I reread the post and realised that making an effort to remember a time long ago brings its own lessons, ones that are worth contemplating. It is now seven years since I turned 35 and since I believe in the seven-year cycle and the spirit of learning more, I give you When I was 35:
When I was 35, I thought my family was complete with two darling little girls. Then I fell pregnant again and our son was born. I learnt that being a parent of three children is significantly different from being the parent of two. A wise friend said, ‘Embrace the chaos,’ and once I did, life became much easier. But much more than that, my heart just expanded to include him and what a feeling that is.
When I was 35, I had never heard of blogging. Now I have a whole alternative, Internet-fuelled life and I love it. I have even met some people off the Internet and came home intact.
When I was 35, the idea of writing a book, finishing it, rewriting it multiple times, joining an online writing community, getting beta readers, submitting to and signing with a literary agent was only a dream. I made it reality.
When I was 35, I grew tired of buying expensive (though delicious) cakes at the bakery and taught myself to bake. This happened.
When I was 35, I thought that donning sports shoes and propelling my body in a forward motion was closer to hell than I thought it was ever necessary to go. As an asthmatic kid and an adult with couch-potato tendencies, jogging never entered my personal vocabulary. This year, I’m running in the MLP Marathon relay event.
When I was 35, I was still buried deep in the intense phase of parenting: nappies, bad nights, tantrums. Now that my three spend large chunks of the day in other places being taken care of and taught by others, I have had the luxury to do things like write, run and earn money.
When I was 35, I had never had a migraine. Now, I have worked out my cure: no alcohol for two weeks of the month. It’s radical, but it works.

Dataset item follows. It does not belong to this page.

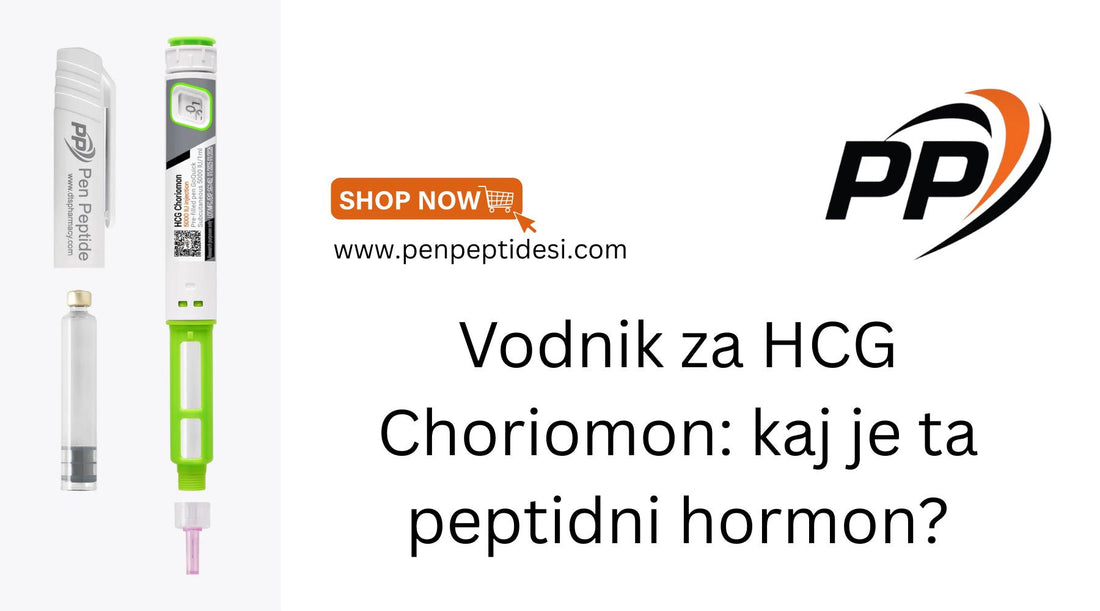 Kaj je HCG Choriomon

When I was 35, I had just moved to the Burg from Surrey, England, and was suffering culture shock. I settled down, made lovely friends and a home for my family. The Burg grew too small, so for a while, I considered Berlin, the German city that holds my heart and where I still hope to live one day. Now I live in Heidelberg and love my new life.
When I was 35, I still highlighted my hair blonde. Then I went grey for Obama and it turns out I was leading a major trend. Just call me a rock ‘n roll fairy princess.
When I was 35, I had been married for 10 years and believed that I was in it for the duration. I still do *waves to darling*.
When I was 35, I had no idea what my future held. I trusted that things would work out, that I would be gainfully employed, that my family would be happy and well. Since then I have read hundreds of books, held dozens of dinner-parties, cooked hundreds of meals, written hundreds of thousands of words, written dozens of articles, run a few dozen kilometres, met my girlfriends for book club dozens of times. On the bad days, I have sighed and taken stock and picked myself up and carried on. While I now have an inkling of what my future may hold, I still cannot say for sure that it will turn out the way I have it in my mind. But I won’t stop hoping. Or cooking, baking, reading, wiping faces, loving, writing words, occasionally running, dreaming, sighing and imagining a world where my family is happy and well.
What was life like for you when you were 35?